Depuis plus d’un siècle, l’économie mondiale tourne grâce au pétrole. Il alimente les camions, les machines, les avions, les tracteurs et même certains procédés industriels. L’essence, dérivée du raffinage du pétrole, reste le moteur discret mais indispensable de la productivité. Imaginer un monde sans essence, c’est donc imaginer un monde où la logistique ralentit, les coûts explosent et les chaînes de production se grippent. Pour les entreprises, la transition vers un modèle sans carburant fossile s’annonce comme un défi colossal.
L’énergie qui fait tourner l’économie
L’essence n’est pas qu’un carburant pour nos voitures. Elle est, depuis des décennies, l’un des piliers invisibles du système productif. Le transport routier, par exemple, repose encore à plus de 95 % sur des moteurs thermiques. Les livraisons de marchandises, les déplacements des salariés, la distribution des produits finis : tout dépend du pétrole.
Dans l’industrie, le pétrole joue aussi un rôle stratégique. Il sert à faire fonctionner des engins de chantier, à chauffer des usines ou à produire des dérivés indispensables (plastiques, solvants, engrais, textiles…). Sans essence, c’est toute la mécanique de la croissance qui ralentirait.
Le secteur agricole serait particulièrement touché. Tracteurs, moissonneuses, transport des récoltes : l’agriculture moderne consomme massivement du carburant. Sans lui, les coûts de production grimperaient en flèche et la sécurité alimentaire pourrait être fragilisée.
Une dépendance encore trop forte
Malgré les progrès réalisés en matière de transition énergétique, la dépendance au pétrole reste profonde. Selon l’Agence internationale de l’énergie (AIE), près de 30 % de la consommation énergétique mondiale provient encore du pétrole. Et dans le transport, cette proportion dépasse 90 %.
Les entreprises ont certes amorcé un virage vers des alternatives — véhicules électriques, biocarburants, hydrogène, télétravail, circuits courts — mais ces solutions restent limitées à court terme.
Les véhicules électriques, par exemple, demandent une production massive de batteries, dont les matières premières (lithium, cobalt, nickel) sont coûteuses et concentrées dans quelques régions du monde. Les biocarburants, eux, posent des problèmes de rendement et de concurrence avec les cultures alimentaires. Quant à l’hydrogène vert, il nécessite une électricité décarbonée abondante, encore rare dans de nombreux pays.

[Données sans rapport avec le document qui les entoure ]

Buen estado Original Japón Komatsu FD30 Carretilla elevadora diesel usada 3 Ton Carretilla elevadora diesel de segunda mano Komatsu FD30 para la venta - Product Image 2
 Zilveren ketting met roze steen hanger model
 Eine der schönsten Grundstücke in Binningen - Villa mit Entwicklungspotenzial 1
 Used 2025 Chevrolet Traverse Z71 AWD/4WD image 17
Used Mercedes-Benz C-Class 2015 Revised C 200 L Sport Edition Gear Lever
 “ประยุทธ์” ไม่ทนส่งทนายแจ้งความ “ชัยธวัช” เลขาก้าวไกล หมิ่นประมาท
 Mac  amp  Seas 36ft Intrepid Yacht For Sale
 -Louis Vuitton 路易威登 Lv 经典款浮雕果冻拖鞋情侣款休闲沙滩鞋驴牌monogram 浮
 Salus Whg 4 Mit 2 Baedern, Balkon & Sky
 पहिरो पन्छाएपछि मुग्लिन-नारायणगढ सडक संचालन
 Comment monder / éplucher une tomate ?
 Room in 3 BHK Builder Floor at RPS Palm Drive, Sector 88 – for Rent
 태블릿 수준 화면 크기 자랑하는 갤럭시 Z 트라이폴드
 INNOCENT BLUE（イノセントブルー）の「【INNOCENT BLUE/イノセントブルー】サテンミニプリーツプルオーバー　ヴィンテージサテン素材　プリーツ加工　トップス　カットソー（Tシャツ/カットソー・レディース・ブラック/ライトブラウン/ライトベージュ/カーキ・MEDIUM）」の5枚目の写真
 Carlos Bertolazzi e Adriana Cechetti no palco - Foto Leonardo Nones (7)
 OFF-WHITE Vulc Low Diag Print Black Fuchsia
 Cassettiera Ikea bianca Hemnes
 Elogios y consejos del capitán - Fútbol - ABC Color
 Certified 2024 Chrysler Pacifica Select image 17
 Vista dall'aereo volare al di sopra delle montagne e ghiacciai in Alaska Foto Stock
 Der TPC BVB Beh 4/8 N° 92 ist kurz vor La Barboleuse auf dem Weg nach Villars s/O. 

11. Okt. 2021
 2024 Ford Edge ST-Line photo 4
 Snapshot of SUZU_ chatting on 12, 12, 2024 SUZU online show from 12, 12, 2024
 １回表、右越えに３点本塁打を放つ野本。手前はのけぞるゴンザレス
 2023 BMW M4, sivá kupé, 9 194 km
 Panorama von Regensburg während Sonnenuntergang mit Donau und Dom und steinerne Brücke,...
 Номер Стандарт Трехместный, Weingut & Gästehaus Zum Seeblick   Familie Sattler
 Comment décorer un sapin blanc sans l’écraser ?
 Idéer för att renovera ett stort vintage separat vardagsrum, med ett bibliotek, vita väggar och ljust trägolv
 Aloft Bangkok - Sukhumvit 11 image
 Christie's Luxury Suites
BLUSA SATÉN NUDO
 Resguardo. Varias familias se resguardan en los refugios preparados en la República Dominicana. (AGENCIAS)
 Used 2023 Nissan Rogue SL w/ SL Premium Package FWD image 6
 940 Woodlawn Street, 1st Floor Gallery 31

En clair, aucune alternative n’est encore capable de remplacer totalement l’essence dans toutes ses fonctions économiques.
Des coûts de production appelés à s’envoler
Si l’essence venait à manquer, ou à devenir trop chère, les conséquences pour les entreprises seraient immédiates. Le coût du transport grimperait, renchérissant l’ensemble des chaînes d’approvisionnement. Les secteurs les plus dépendants — logistique, agriculture, BTP, industrie lourde — seraient les premiers touchés.
Une hausse durable des prix du carburant se répercuterait sur les prix à la consommation, réduisant la compétitivité des entreprises exportatrices. Certaines activités deviendraient tout simplement non rentables. On assisterait à un ralentissement de la production, voire à des fermetures d’usines ou à des délocalisations vers des zones où l’énergie reste accessible.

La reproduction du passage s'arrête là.